Crafting a PR is possible from the moment you do a first commit on a new branch. You can start with a “boyscouting” commit which only moves some code around but doesn’t change any functionality. When you create a work-in-progress PR make sure to tag it with a WIP label or prepend [WIP] to the title.

WIP pull requests have several benefits:

  • The description can be kept up to date with a changelog right from the start. You can keep documenting changes, needed changes for users of the public interface, …
  • Allows peer developers to advice early if a developer is spending time on something that will most probably not be merged.
  • Allows peer developers to take a quick look to see if a feature implementation isn’t getting overcomplicated. Feature requirements aren’t always clear and could sometimes be translated into something much simpler. This could prevent spending a whole week while it could be done in a few hours.
  • When you are pushing a couple of code cleaning commits first, peers know they don’t need to review just yet.
  • Building a clear timeline on the evolution of this branch. Who did what, who reviewed when, who was assigned, what states did it go through (from WIP to in review etc), what extra changes have been made, …
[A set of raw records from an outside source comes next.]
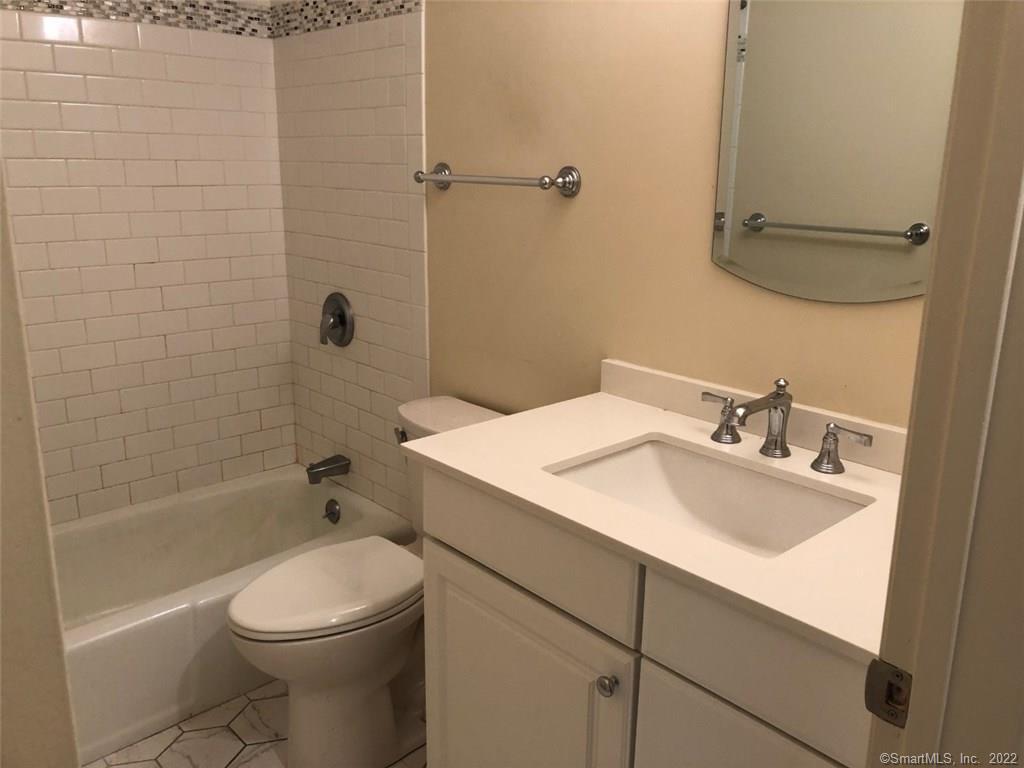 Stamford, Connecticut 06907, United States, 2 Bedrooms Bedrooms, ,2 BathroomsBathrooms,Residential,Pending,122439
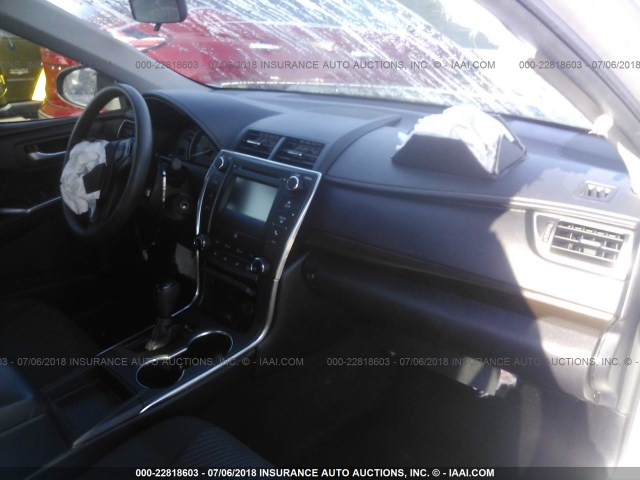 4T1BF1FK5FU476313 - 2015 TOYOTA CAMRY LE/XLE/SE/XSE ვერცხლისფერი ფოტო 5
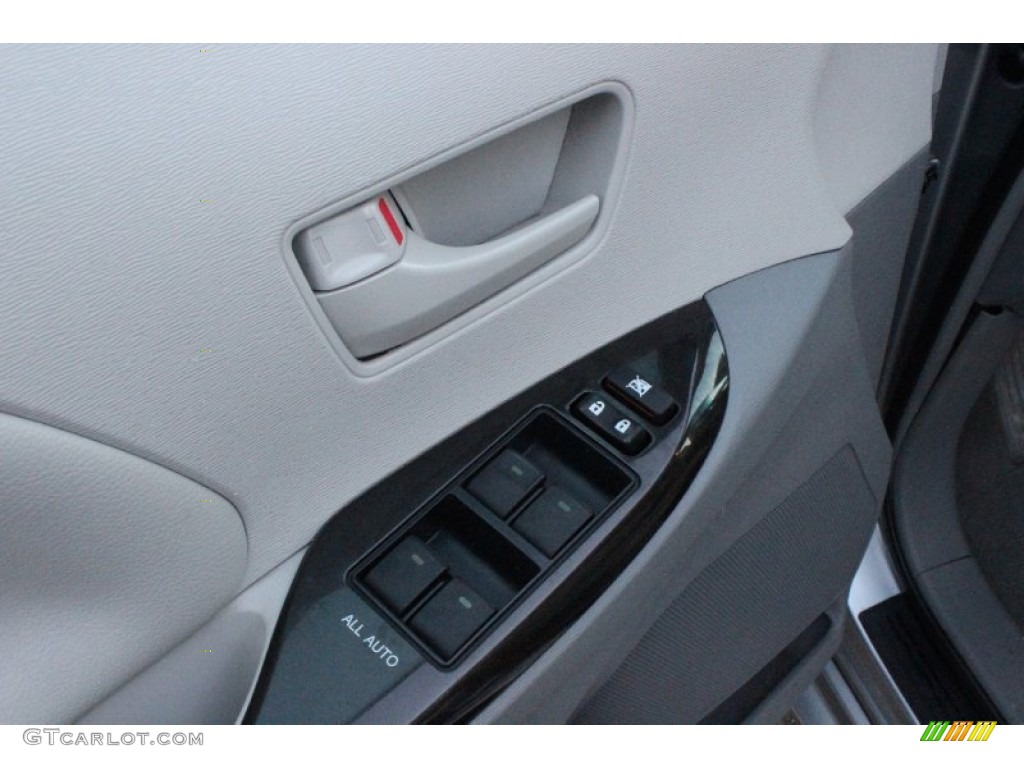 2011 Sienna V6 - Silver Sky Metallic / Light Gray photo #12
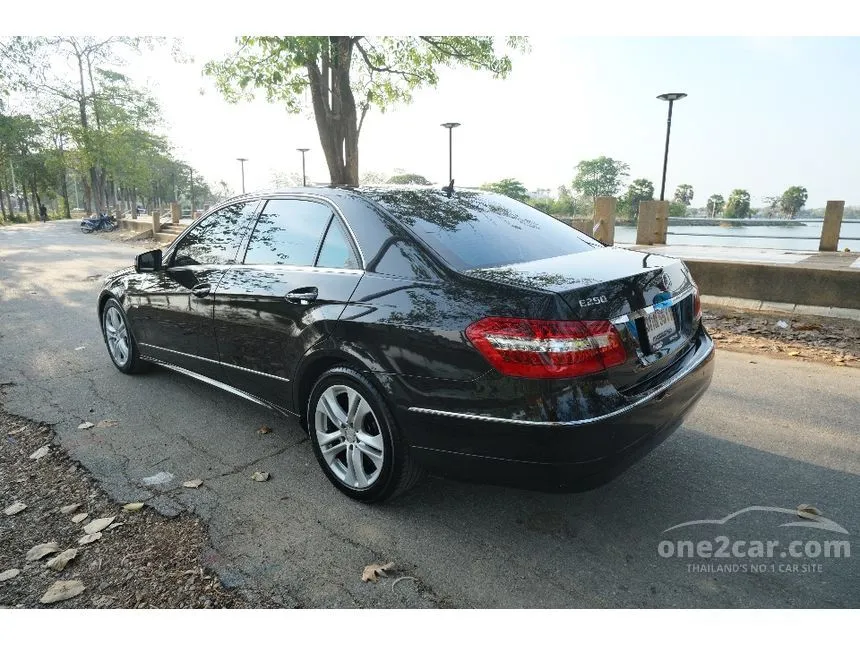 2010 Mercedes-Benz E250 Elegance CDI BlueEFFICIENCY Sedan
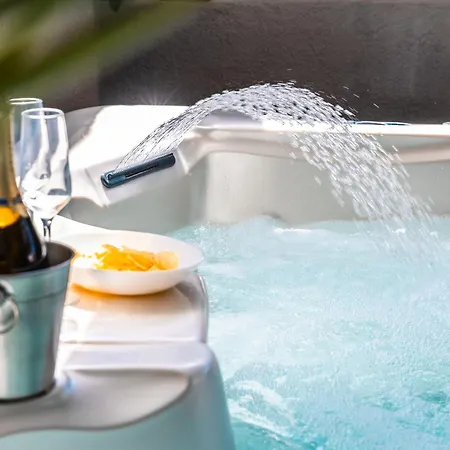 Apartment Beautiful 3br W Private Jacuzzi By Arco Collection
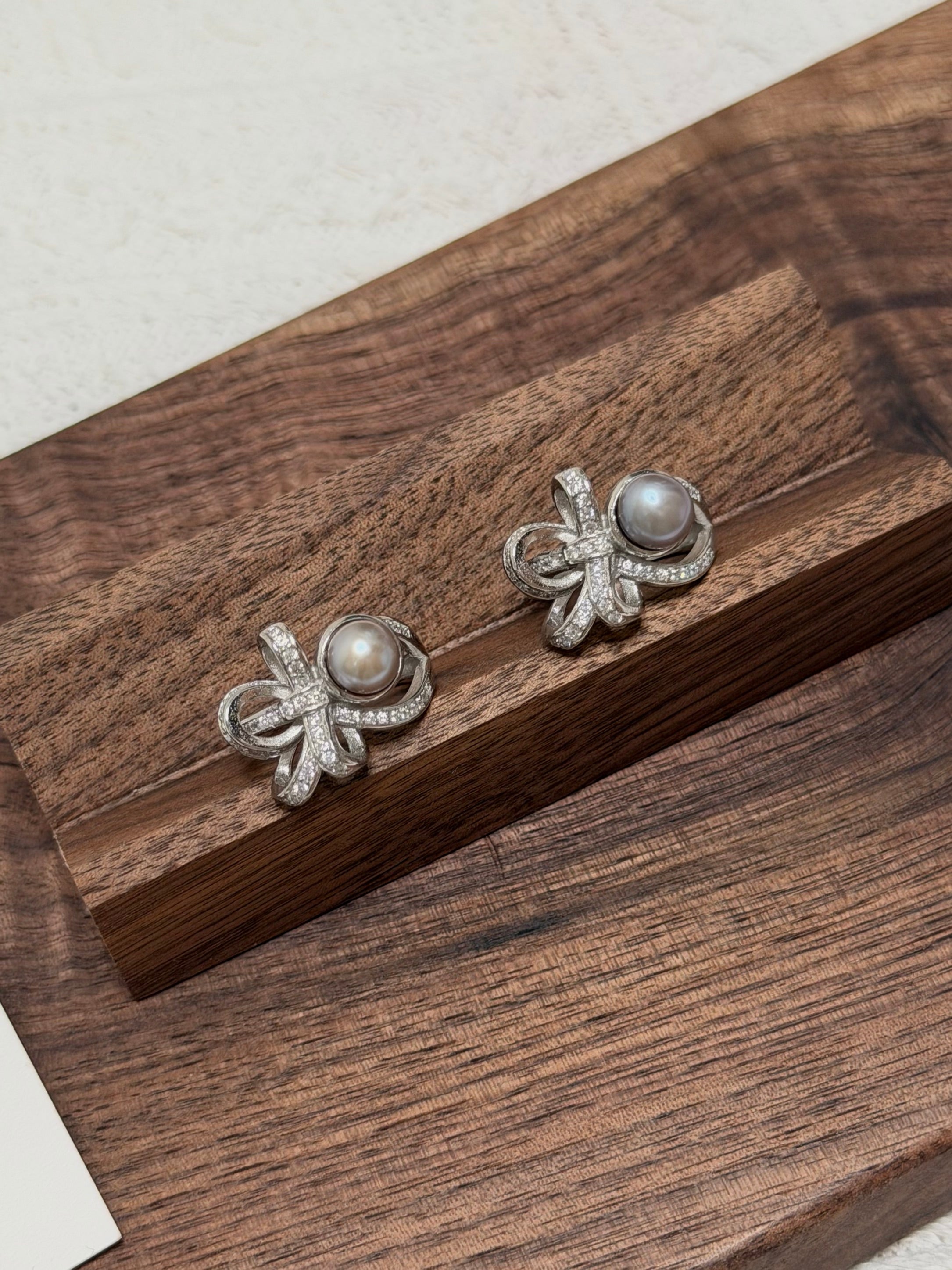 蝴蝶結珍珠戒指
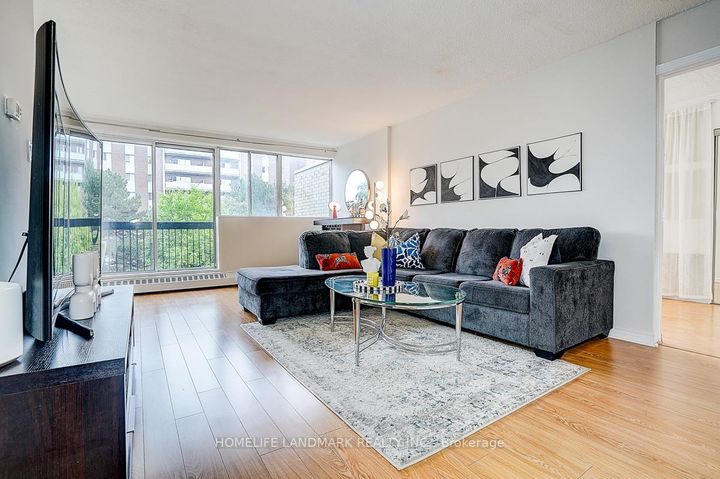 Photo 5 at 65 - 1624 Bloor Street, Applewood, Mississauga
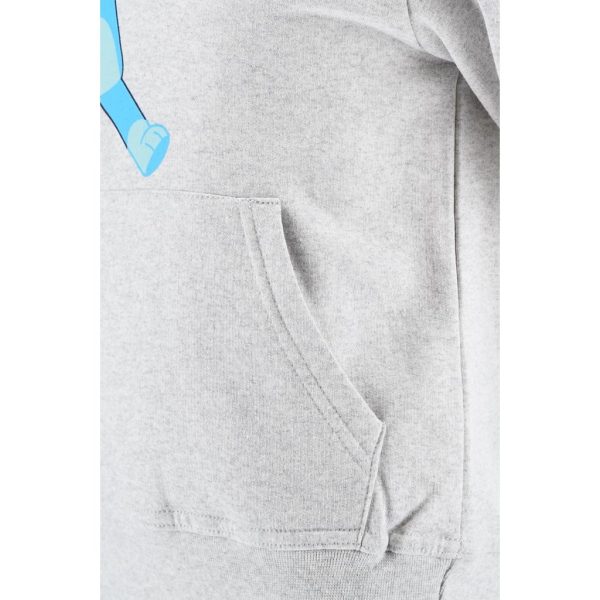 Bolsillo de sudadera gris con costuras visibles y textura suave.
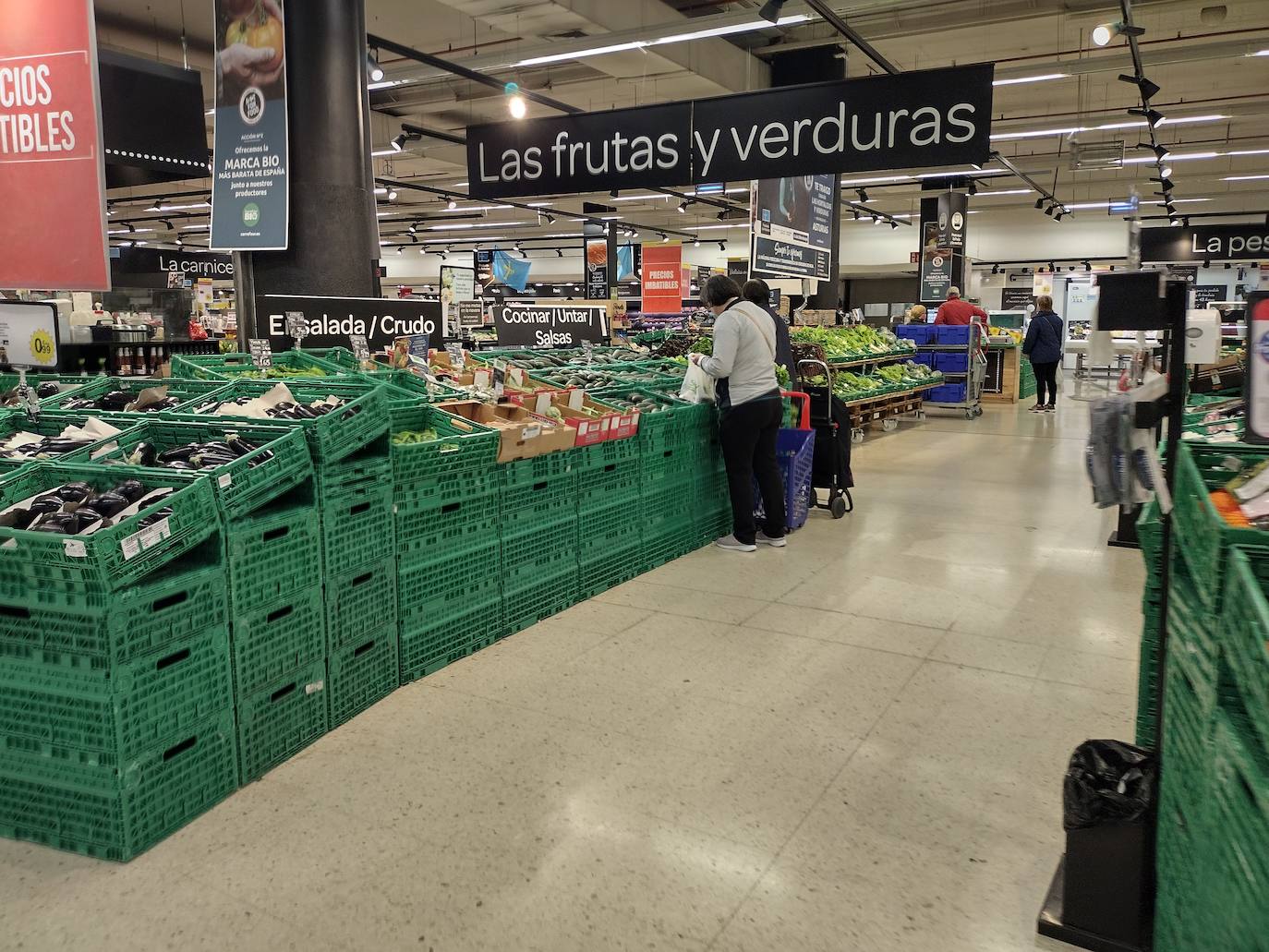 Como consecuencia del paro del transporte por carretera en Asturias, algunos pequeños comercios están teniendo que cerrar por desabastecimiento y en las estanterías de supermercados y grandes superficies se nota la falta de algunos productos. En la imagen, Carrefour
When not to open a WIP pull request? When the project you are working on is a public project and the feature you are building is top secret, you might want to postpone pushing your branch. Also a PR for an open source project can start a long discussion between community members before you even finished your work. In these kind of situations it is perfectly normal to keep your branch local for the time you’re working on it.

At madewithlove we definitely like this approach of opening WIP pull requests. It gives all these benefits to peer developers. For project managers this gives the ability to track progress, next to what they can see on huboard or zenhub.

Cheers!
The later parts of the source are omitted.